[[ Provided records, beginning ]]
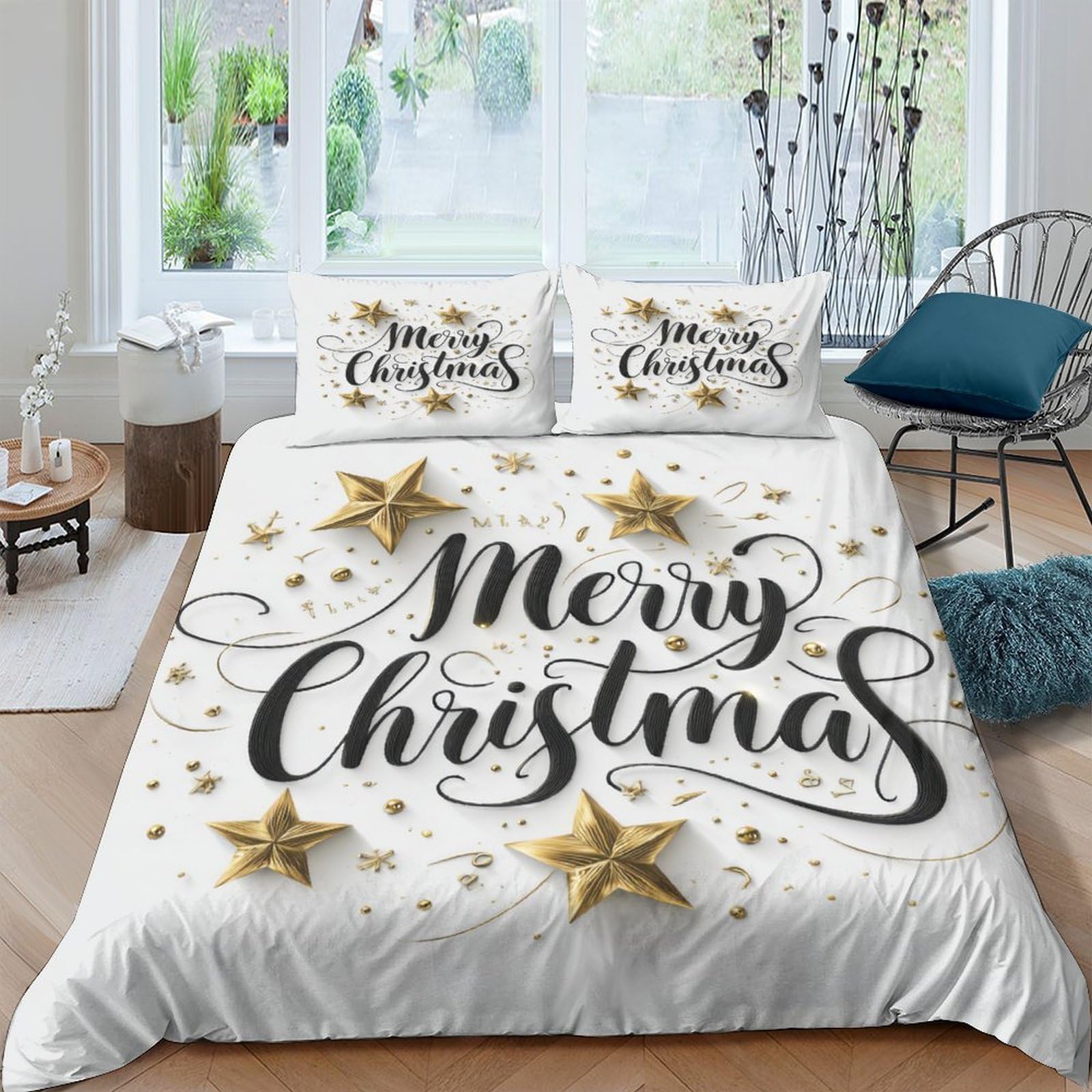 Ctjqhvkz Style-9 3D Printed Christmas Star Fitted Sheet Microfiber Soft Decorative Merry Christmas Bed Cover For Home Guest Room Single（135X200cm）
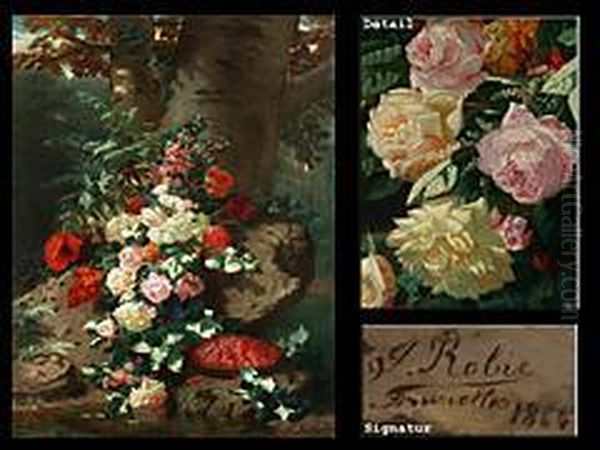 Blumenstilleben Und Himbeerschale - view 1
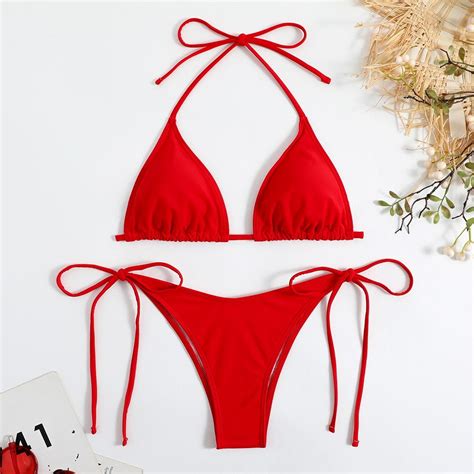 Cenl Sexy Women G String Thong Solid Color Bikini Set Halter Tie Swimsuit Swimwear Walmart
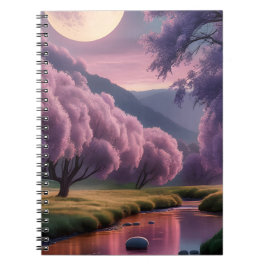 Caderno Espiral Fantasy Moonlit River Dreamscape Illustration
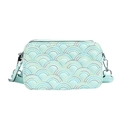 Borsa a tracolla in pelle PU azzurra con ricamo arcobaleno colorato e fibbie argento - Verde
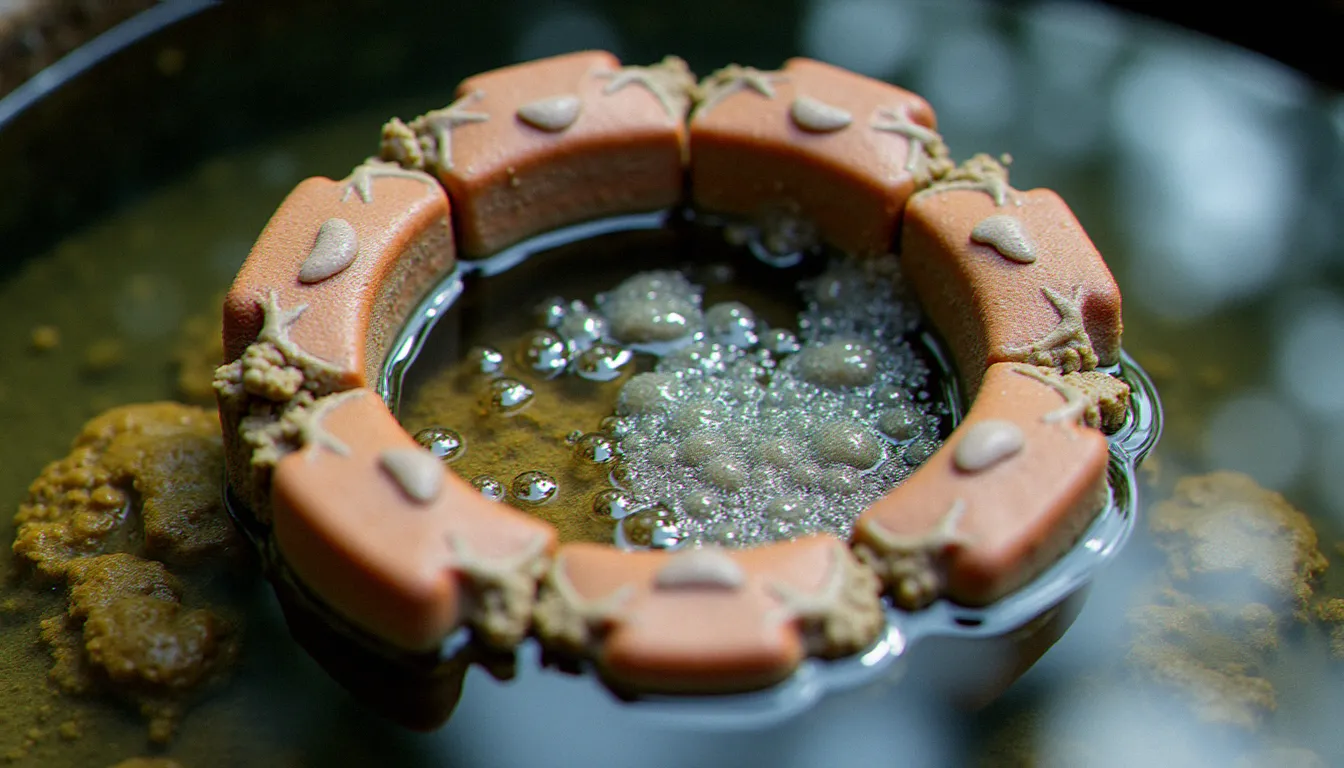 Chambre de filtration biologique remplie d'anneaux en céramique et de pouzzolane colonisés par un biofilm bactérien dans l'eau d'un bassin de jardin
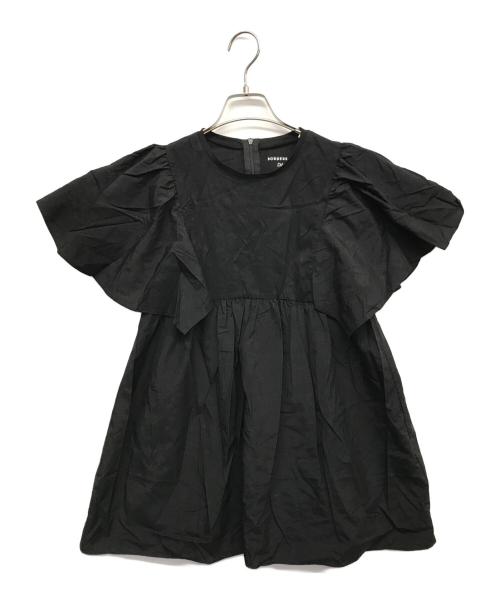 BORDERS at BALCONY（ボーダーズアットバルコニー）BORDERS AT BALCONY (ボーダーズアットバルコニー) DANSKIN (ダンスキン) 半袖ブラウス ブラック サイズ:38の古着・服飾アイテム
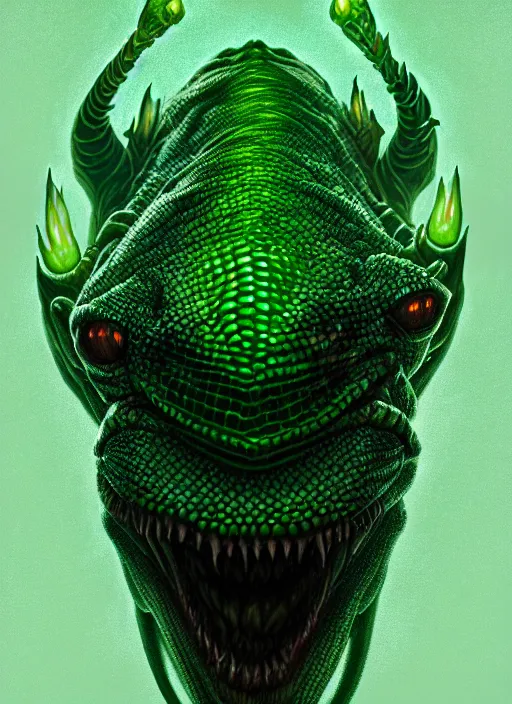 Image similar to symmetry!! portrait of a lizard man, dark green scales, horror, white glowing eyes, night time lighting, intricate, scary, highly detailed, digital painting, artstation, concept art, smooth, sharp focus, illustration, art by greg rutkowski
[[ Provided records, end ]]
▶ [Task prompt]: When you reach the line holding "Borsa a tracolla" in the listing above, begin retyping exactly, and stop once the line holding "Chambre de filtration" is done; pictures stay out.

▶ [Solution for this exercise]:
 Borsa a tracolla in pelle PU azzurra con ricamo arcobaleno colorato e fibbie argento - Verde
 Chambre de filtration biologique remplie d'anneaux en céramique et de pouzzolane colonisés par un biofilm bactérien dans l'eau d'un bassin de jardin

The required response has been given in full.